This was a naturalistically designed, prospective, randomized, open-label study. For patients on prior anti-panic medication a 1-week wash-out period was employed, except for those taking fluoxetine for whom a 6-week washout period was used. Patients were initially randomized to receive either 0.5-2 clonazepam or 10-40 mg/day paroxetine, taken after dinner. The planned starting dose was 0.5-1 mg/day clonazepam and 10 mg/day paroxetine. Maintenance doses of 2 mg clonazepam and 40 mg paroxetine were planned to be achieved at the end of the second treatment week, but patients were still kept in the study if these doses were not achieved due to AEs. For every 4 patients entering the trial, two were randomly assigned to clonazepam and two to paroxetine. Neither the patient nor the treating physician had any influence on the drug taken. Treatment was given for 8 weeks and dose adjustment was permitted according to the patient’s symptoms.

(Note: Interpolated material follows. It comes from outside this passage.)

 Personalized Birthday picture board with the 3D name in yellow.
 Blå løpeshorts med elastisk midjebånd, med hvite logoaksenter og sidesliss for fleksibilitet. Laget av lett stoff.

Clonazepam and paroxetine were chosen for comparison since both are approved for the treatment of panic disorder in Brazil. Generic and branded versions of both drugs are available in Brazil and cost is generally low, which makes their relative efficacy and safety an important factor in the choice of treatment.
Patients were evaluated in the Panic and Respiration Laboratory of the Institute of Psychiatry, Rio de Janeiro, Brazil. Participants were male and female patients aged 18-60 years who met the Diagnostic and Statistical Manual of Mental Disorders, Fourth Edition, text revision criteria for panic disorder, with or without agoraphobia, as determined by a structured clinical interview. Patients were also required to have at least two panic attacks in the week preceding their inclusion in the study. Patients were excluded if they were unable or unwilling to provide written informed consent, did not complete all the evaluations before study initiation, or if they were diagnosed with comorbidities that could affect clinical evaluation including drug abuse, neurological disorders, or severe personality disorder.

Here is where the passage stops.